Débarquement sur les plages de…Bretagne

10 août 2007


Nous sommes finalement de retour de notre périlleuse excursion vers la plage. Il faut dire que le gentil petit sentier que nous devions prendre pour se rendre à la plage était plutôt un chemin raboteux et sinueux tout le long de la côte et dans le boisé. Une fois arrivé à la plage, nous nous sommes tous installé sur la merveilleuse plage de galets qu’il y avait à proximité du camping.

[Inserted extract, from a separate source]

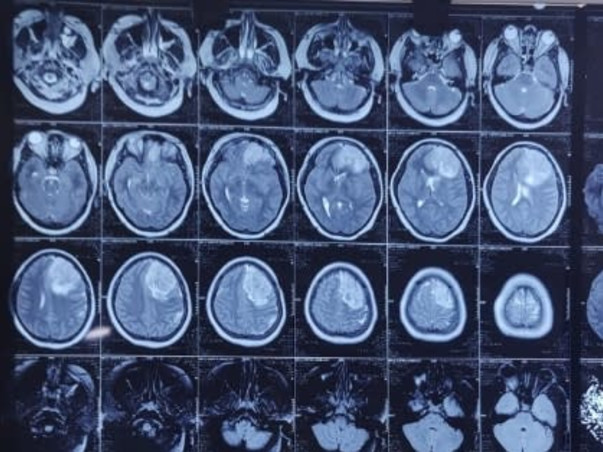 Support Shipra Shailesh To Recover From Brain Hemorrhage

Bien sûr, après une journée remplie comme nous avions eu, il fallait bien que la troupe se relaxe en se baignant dans l’eau de l’océan.

Il faut savoir que Pierre et Gérald n’ont pas eu le courage de se rentrer le petit orteil dans l’eau froide de la plage. Même si les baigneurs n’ont pas eu peur de se jeter à l’eau, ils ne sont pas restés longtemps dans l’océan glacial. La troupe reprit le chemin du campement après avoir regarder la vue magnifique que nous avions du rivage. Après notre brève baignade, nous sommes tous remonté pour aller préparer le campement et le souper.

Nous avions séparé les tâches, donc une équipe faisait le souper pendant que l’autre équipe montait les tentes, sauf que monter les tentes étaient un travail plus ardu que prévue. Les terrains de camping ne sont pas comme au Québec, les Français aiment plus se coller sur leur voisin. Nous n’avions pas grand place pour pouvoir place nos deux tentes immenses, mais nous avons réussit à maximiser l’espace que nous avions. Bien sûr, ayant accès à des douches non-payantes, toute la gang est passée par la douche. Enfin un camping où il y avait des douches, mais il faut dire que c’était impossible de bien doser l’eau chaude et l’eau froide donc soit on se brûlait ou qu’on gelait.

Après les douches et le souper, les animateurs ont décidé de nous payer une petite surprise qui nous a fait bien plaisir. Un petit kiosque de crêpes ambulant était sur le camping cette soirée la et rien n’est meilleur que les fameuses crêpes bretonnes. Que ce soit au chocolat maison, au sirop d’érables, miel ou encore beurre et sucre, les crêpes étaient toutes divines. Après ce délicieux desserts, nous avons relaxé au campement : on lisait, écrivait dans notre journal ou tout simplement papotait entre nous. Nous nous amusions tellement que nous avions oublié de regarder l’heure et certains d’entre nous se sont couché très tard. On s’en balance parce que demain vendredi c’est journée de pause. Pas de route, de château, de monument ou de cathédrale. Juste la plage, la farniente et la visite à pied de l’île de Bréhat.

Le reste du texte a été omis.